During infection, the Human Immunodeficiency Virus type 1 (HIV-1) uses the host cytoskeleton to traffic across the cytoplasm to the nucleus where its genome integrates into the host DNA. We have previously shown that HIV retrograde transport (i.e. towards the nucleus) results from the successive transfers from fast microtubule-directed movement to slower actin-mediated movement closer to the nuclear compartment, resulting in docking at the nuclear pore 1 . However, neither the cellular cytoplasmic component(s) nor the viral protein(s) that interact to mediate transport have yet been identified. Recent data show that HIV-1 uncoating does not occur immediately after cell entry but near the nuclear membrane, suggesting that the viral structure interacting with the cytoskeleton during early retrograde trafficking might be the capsid.

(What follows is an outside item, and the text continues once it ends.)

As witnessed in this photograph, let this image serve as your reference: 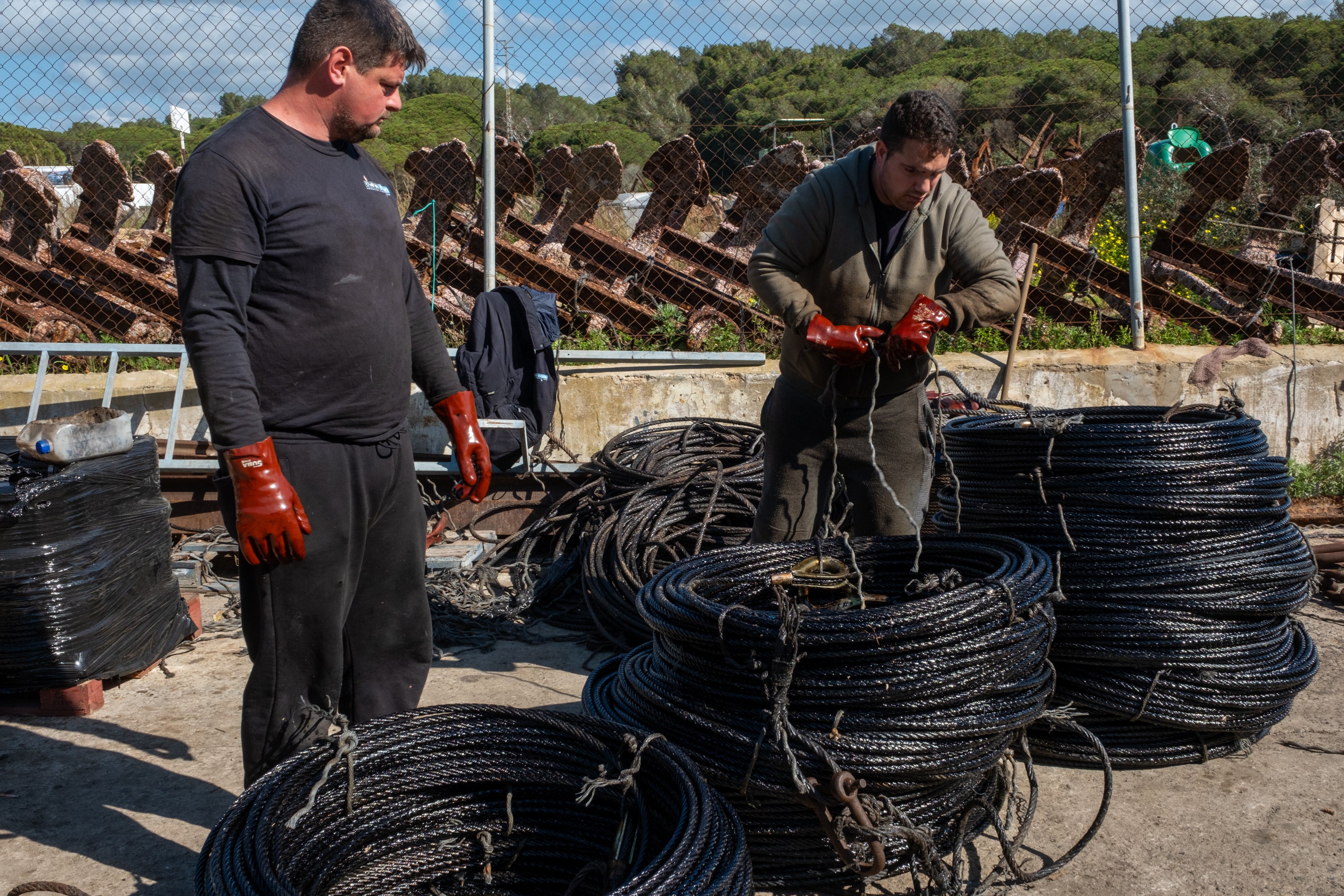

Based on this hypothesis, we carried out a yeast-two-hybrid screen using HIV-1 monomeric capsid protein (p24) as bait. We then characterised the identified proteins for their ability to associate with assembled capsids and their effect on infectivity, trafficking, and nuclear import.

Our yeast-two-hybrid assay identified 34 new putative interaction partners for HIV p24, including four cytoskeletal components. Interaction with assembled HIV capsids was confirmed for two of the four cytoskeletal proteins. Their depletion using RNA interference led to a profound reduction in HIV-1 infectivity in single cycle infection assays, pointing to a key role in the early steps of HIV-1 replication. Furthermore, confocal microscopy revealed a characteristic accumulation of HIV-1 capsids away from the nuclear membrane and an overall defect in nuclear import.

This work identifies assembled HIV-1 capsid as the viral determinant of transport to the nucleus and two cytoskeletal proteins as new HIV capsid interaction partners that mediate viral retrograde transport.